Place the spices in spice grinder and coarse grind, running the machine in short bursts. Work in the salt, hot pepper, and cayenne. This will give you about 2/3 cup rub—more than you need for this recipe, but it’s easier to roast the spices in larger batches and the excess keeps well and is terrific to have on hand.
Cut the steaks into pieces about 2 inches wide and 4 inches long. Spray or brush the meat on all sides with the olive oil and generously season with the rub. Note: you may not need all the rub; any excess keeps well in the refrigerator. Skewer the steak pieces through the narrow end onto Homdoor skewers or shish kebab skewers.

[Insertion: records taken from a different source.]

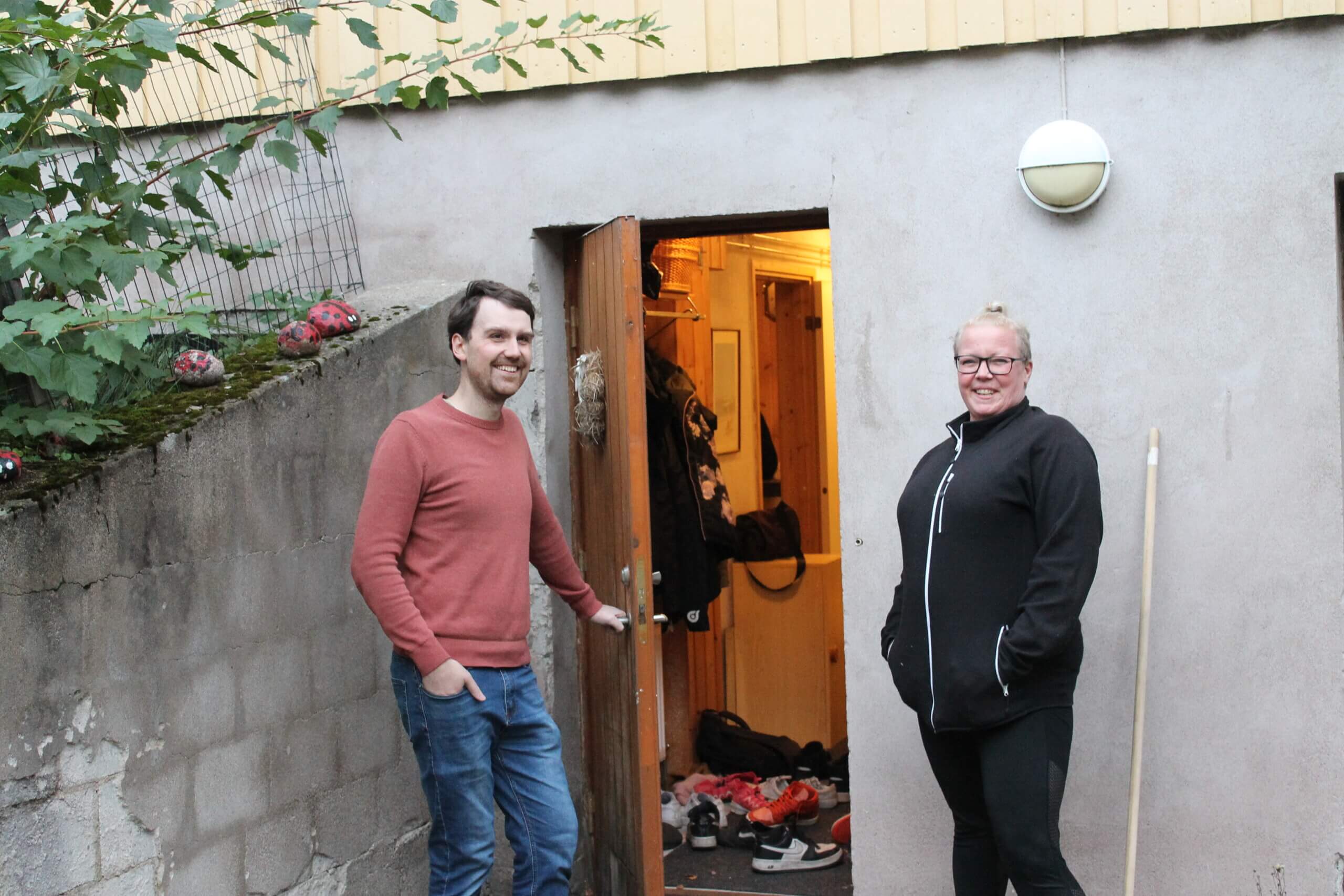 En man håller upp en dörr till en källare i ett hus. En kvinna står bredvid honom och ler. Dörren mannen öppnat är till den nya ungdomsgården i Tenala.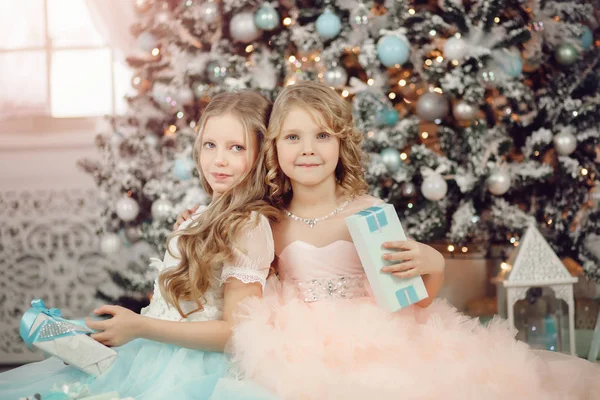 快乐的孩子姐姐打开魔术礼物家附近的树在礼服。圣诞快乐. — 图库照片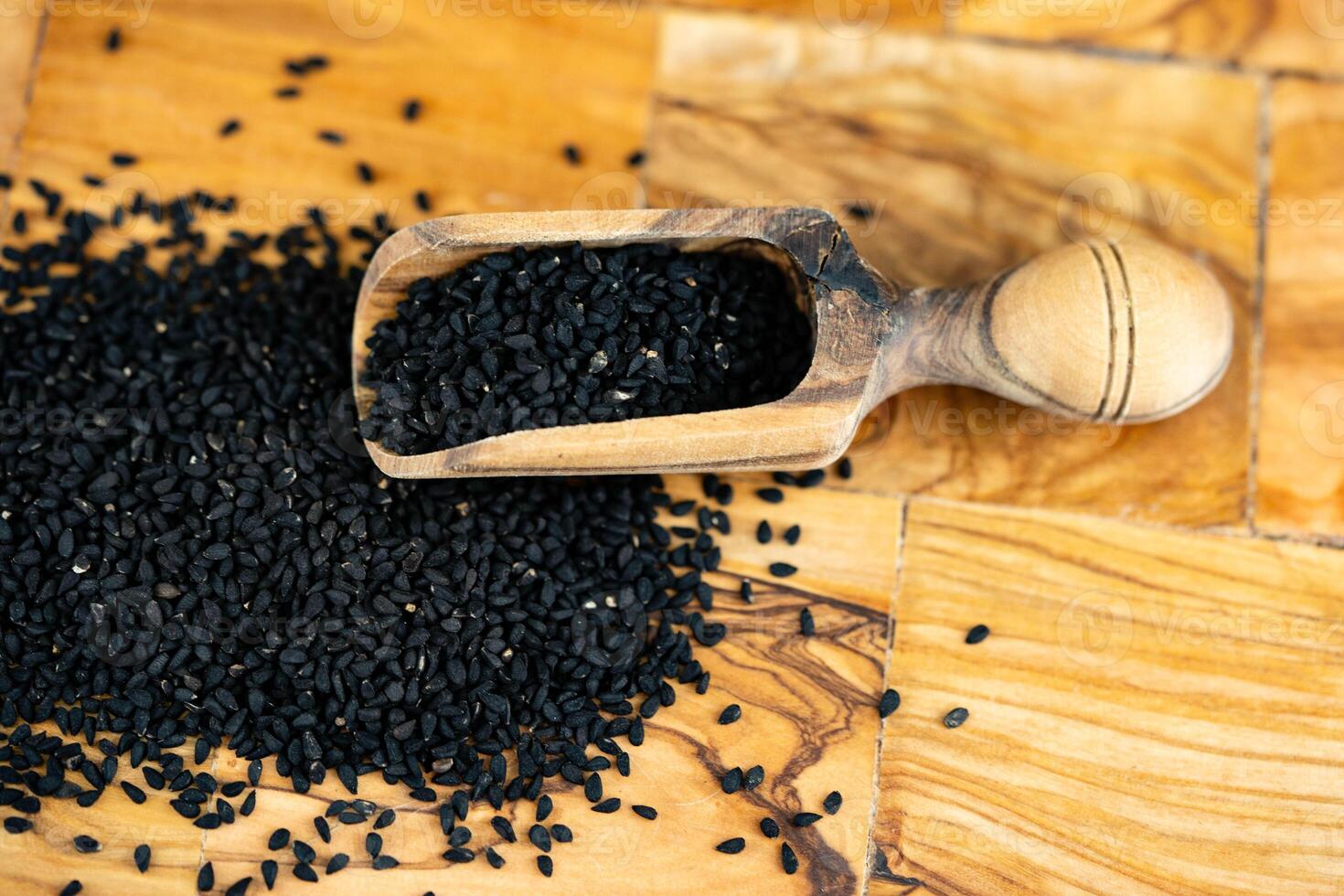 the roman coriander nigella sativa on olive wood photo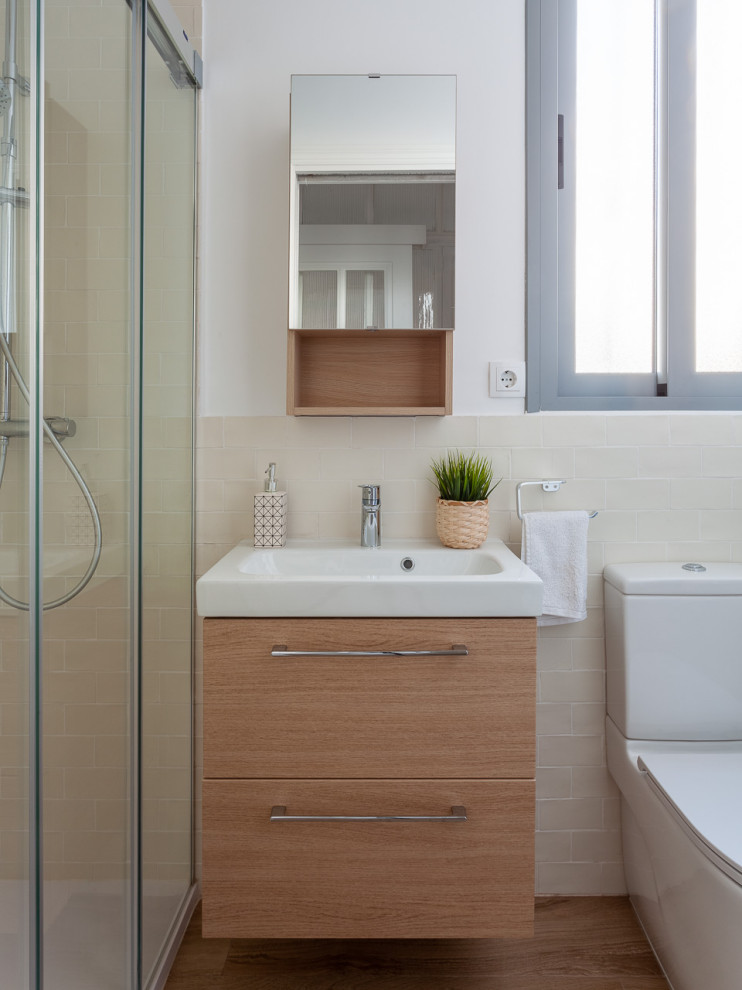 This is an example of a small contemporary 3/4 bathroom in Seville with beige tile, ceramic tile, ceramic floors, beige floor, a one-piece toilet, white walls, flat-panel cabinets, light wood cabinets, an alcove shower, an integrated sink, a sliding shower screen and white benchtops.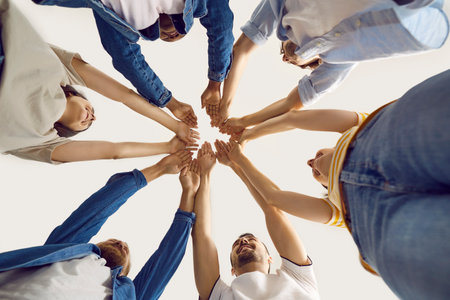 Happy team of young people raise their hands and join them together showing unity and solidarity....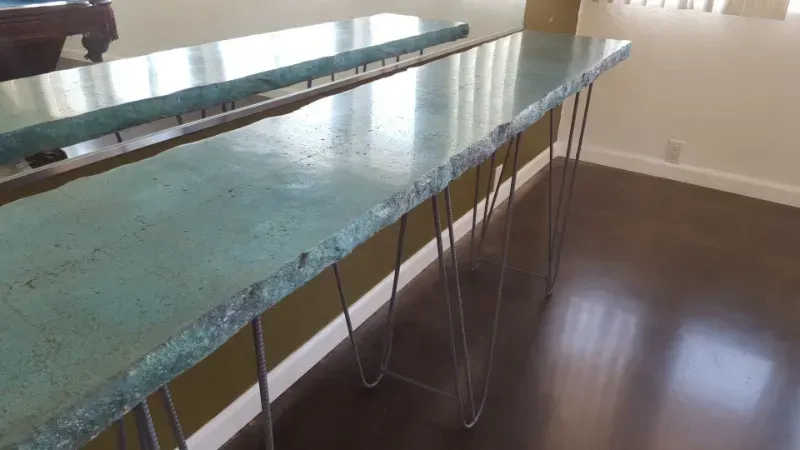 A long table with hairpin legs in a living room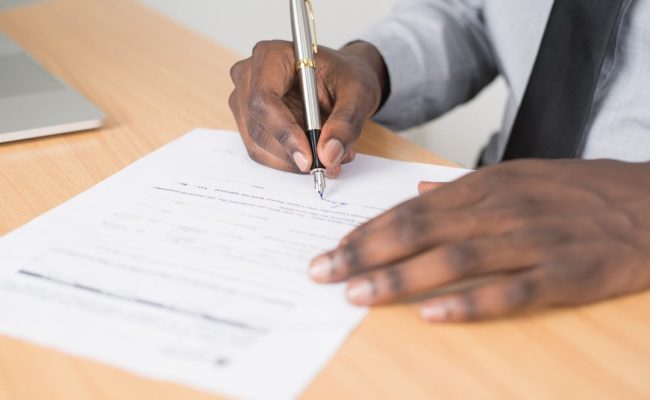Close-up of a businessman signing a contract at an office desk.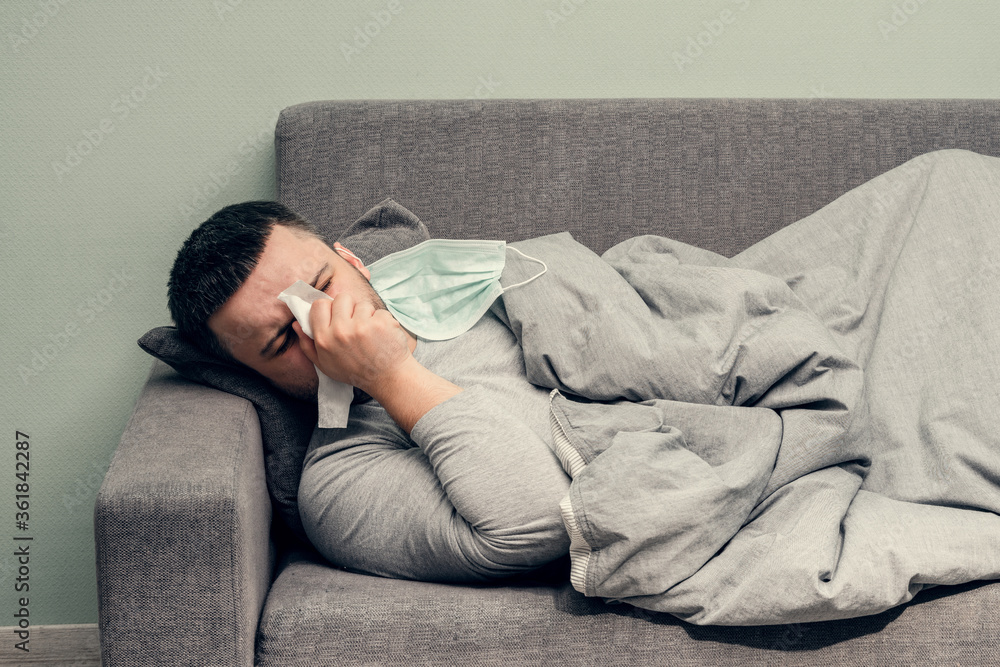 Disease. Cheer at home. A young man is sick, is treated at home. Blows her nose into a napkin, runny nose. Infection, epidemic, bacillus carrier. Disease. Cheer at home. A young man is sick, is treated at home. Blows her nose into a napkin, runny nose. Infection, epidemic, bacillus carrier.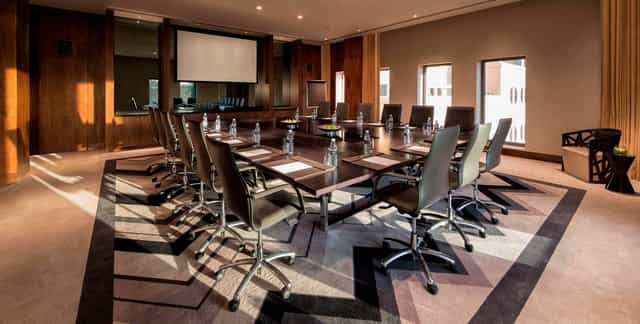 Conference Hall in Pullman Dubai, modern meeting room for professional events and presentations.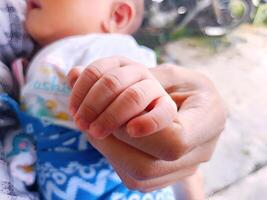 wann ein Erwachsenen Hand sanft hält ein Babys klein Hand, ein unausgesprochen Verbindung ist erstellt, voll von Liebe und Wärme Das kann nicht Sein ausgedrückt im Wörter. diese sanft berühren spiegelt Pflege und Zuneigung. foto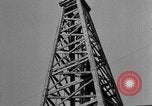 Image of Oil drilling derricks at various places in California Los Angeles California USA, 1925, second 30 stock footage video 65675050481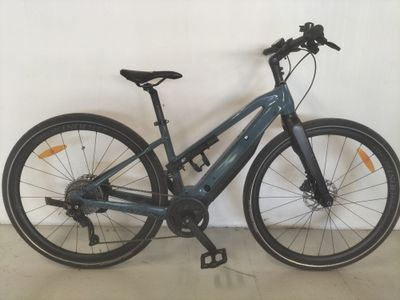 un vélo bleu appuyé contre un mur blanc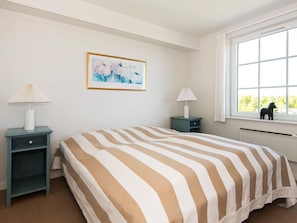 A bedroom with a bed, two bedside tables, a window with a view, and a framed picture on the wall. - 6 Person Holiday Home in Aabenraa (Aabenraa)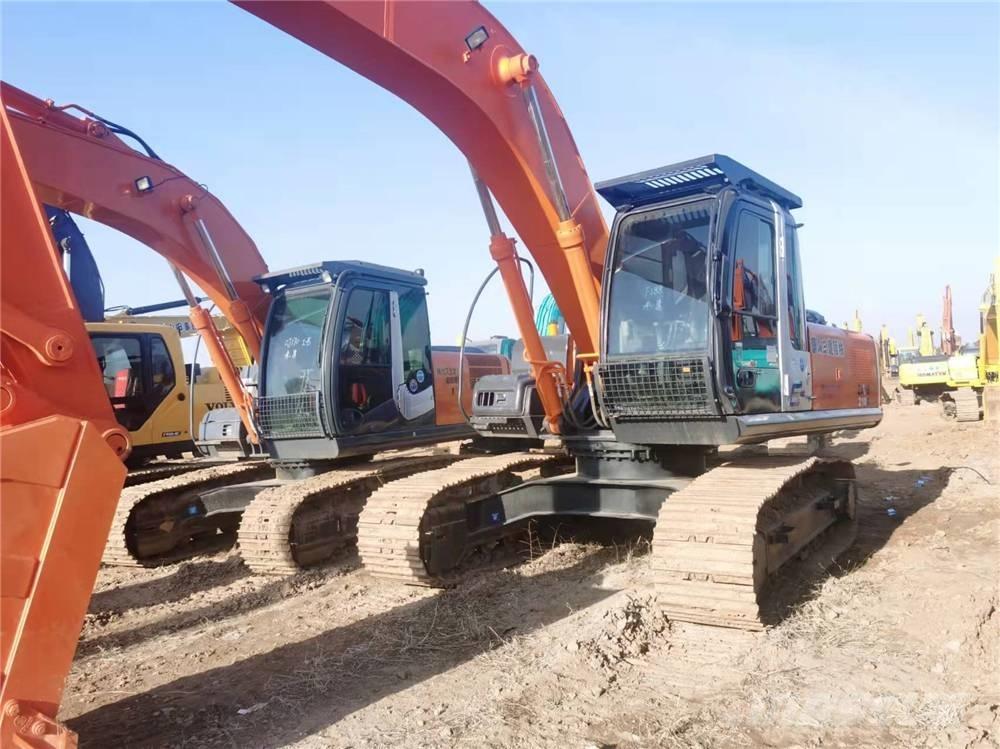 Hitachi ZX210 Bandgrävare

Preheat the Hōmdoor to 500 degrees F.
Place the steak in the Hōmdoor and cook until sizzling and browned on the outside, and cooked to taste, about 5 minutes for medium-rare.
Equipment: Hōmdoor skewers
Grains of paradise (Aframomum melegueta) is a spice in ginger family native to West Africa. It looks like miniature black peppercorns, and tastes similar to black pepper but with a hint of pungent sweetness, like allspice. Available at specialty spice markets or on line at www.thespicehouse.com. If unavailable, you can approximate the flavor by combining 1 tablespoon cracked black peppercorns with 2 allspice berries or 1/4 teaspoon ground allspice.